Fairies are threatening in Sir Orfeo, and being taken to their world is a punishment (or a curse), presumably equivalent to being taken to hell in Orpheus and Eurydice. Although Tolkien's Fairy-land is described as "perilous" and certainly has threatening aspects of its own, it is a much more hospitable place than Sir Orfeo's Fairy-land, and Smith is imbued with a special protection that keeps him from harm.

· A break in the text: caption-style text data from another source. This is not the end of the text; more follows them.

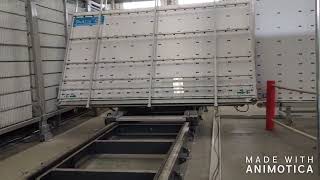 Humam vertical glass sorting system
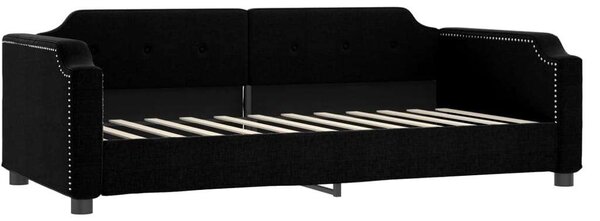 VidaXL fekete kihúzható szövet heverő fiókokkal 80 x 200 cm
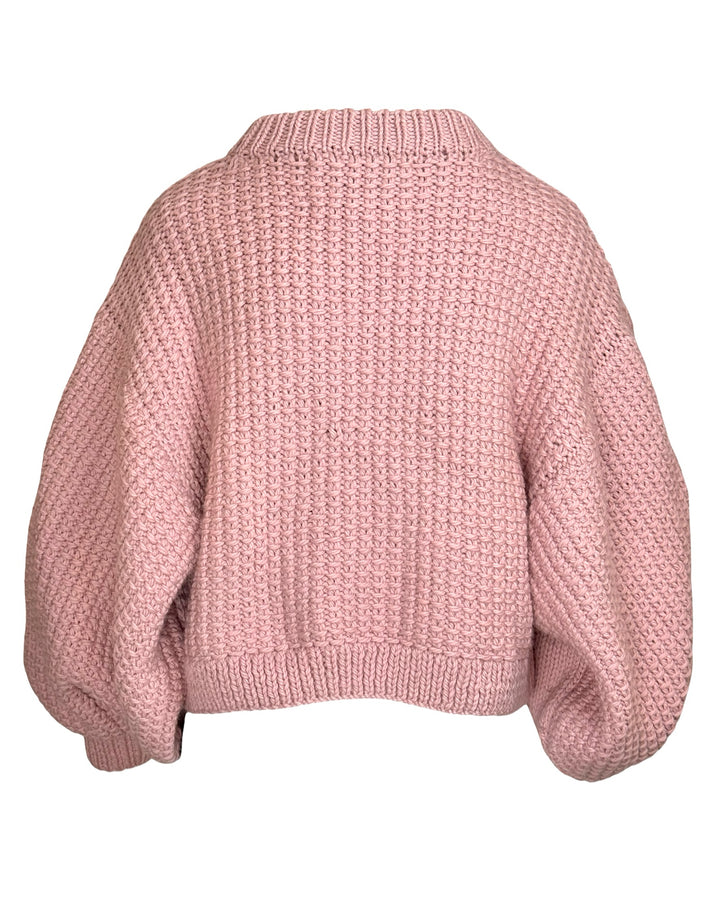 Mr. Mittens Size XS/S Cropped Chucky Knit Sweater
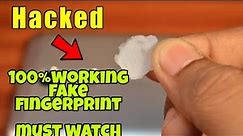 How to make a fake fingerprint?100%real fingerprint nakli fingerprint kaise बनाए it works 101%real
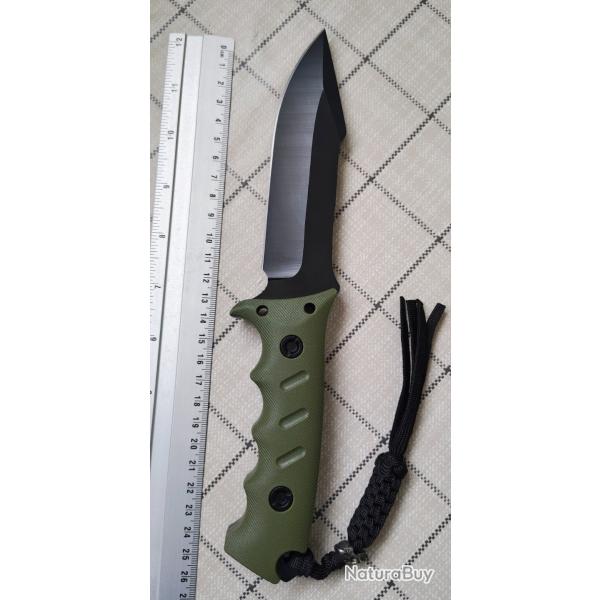 Couteau de bushcraft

Several times in the story, Tolkien alludes to it being a place that reminds people of something familiar, but that they can't quite remember.
There are other similarities - there are certainly scenes in Smith of Wootton Major that evoke the ladies frolicking in the woods in Sir Orfeo, for example - but what I find the most interesting is that, just like the Sir Orfeo poet took the tragedy of Orpheus and Eurydice (I am assuming that the original story was more similar to Henryson's telling) and gave it a happy ending, Tolkien took the threatening aspects of the Orfeo story and turned them into something charming and comforting.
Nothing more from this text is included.